Religious philosopher, historian, soldier, and diplomatist, elder brother of George Herbert, the religious poet; b. Eyton-on-Severn (Shropshire), March 3, 1583; d. London, Aug. 20, 1648. Of a noble Welsh family, Herbert was educated at University College, Oxford. Shortly after the accession of James I he was created a Knight of the Bath. He went abroad in 1610 for seven years as a soldier of fortune, and made the acquaintance of several scholars, including P. gassendi and H. grotius. In 1618 or 1619 he went as ambassador extraordinary to the French court; he was recalled in 1621 owing to differences with De Luynes, but went back the next year as ordinary ambassador. On his return to England he received the Irish peerage of Castle Island, and in 1629 Charles I raised him to the English peerage as Baron Herbert of Cherbury. When the Civil War commenced he sided with the royalists, and in 1644 surrendered his castle at Montgomery to the parliamentarians.
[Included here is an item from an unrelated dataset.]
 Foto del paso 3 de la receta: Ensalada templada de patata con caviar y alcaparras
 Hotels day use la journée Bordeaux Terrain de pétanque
Herbert is remembered as a historian for The Life and Raigne of King Henry VIII (1649) and his Expeditio Buckinghami Ducis (1656). The Life of Herbert by Himself was first printed by Horace Walpole in 1764. His Latin and English poems were published by his son in 1665. His most important work is the De veritate prout distinguitur a revelatione, a verisimili, a possibili, et a falso (Paris 1624). The third edition appeared in London in 1645 together with a short treatise De causis errorum, a tract De religione laici, and an Appendix ad sacerdotes. His De religione gentilium (Amsterdam 1663) is a kind of pioneer comparative religion.

Herbert held that man is a complex unity of body and soul, but that, while the body is passive, the mind is active in knowing. The senses bring things within the reach of the mind's activities. Presupposing a harmony between the world of things and the mind, he held that truth consists in the harmony between things and analogous mental faculties, which are as innumerable as the things with which they are in harmony. These faculties, though innumerable, can be classified in four groups: natural instinct, internal sense, external sense, and reasoning. Man knows by means of "common notions" or innate ideas, which have the distinctive qualities of apriority, independence, universality, certainty, and necessity. Herbert did not determine the number of these common notions, his main concern being to fix the common notions of religion, viz: (1) there is a Supreme Being or Deity; (2) this Deity is to be worshiped; (3) the chief part of worship consists in the moral life; (4) man should make expiation for his sins by repentance; and (5) man's deeds will be rewarded or punished in the next life. For him, these five notions determined the character of the natural religion of reason and shaped the primitive religions of mankind before these were corrupted by the sacerdotalism that originated in the self-seeking and craft of men profiteering on religion. They became the five articles of religion held by the English deists of the 18th century; thus Herbert is considered to be the father of English deism. His ideas have certain affinities with those of the cambridge platonists and the scottish school of common sense.

Bibliography: Works. De veritate, tr. m. h. carrÉ (Bristol 1937); De religione laici, ed. and tr. h. r. hutcheson (New Haven 1944), critical study of Herbert's life and work with bibliog. Literature. f. c. copleston, History of Philosophy (Westminster Md.1959) 5:5354. v. sainati, Enciclopedia filosofica, 4 v. (Venice-Rome 1957) 2:105760. m. m. rossi, La vita, le opere, i tempi di Edoardo Herbert di Cherbury, 3 v. (Florence 1947).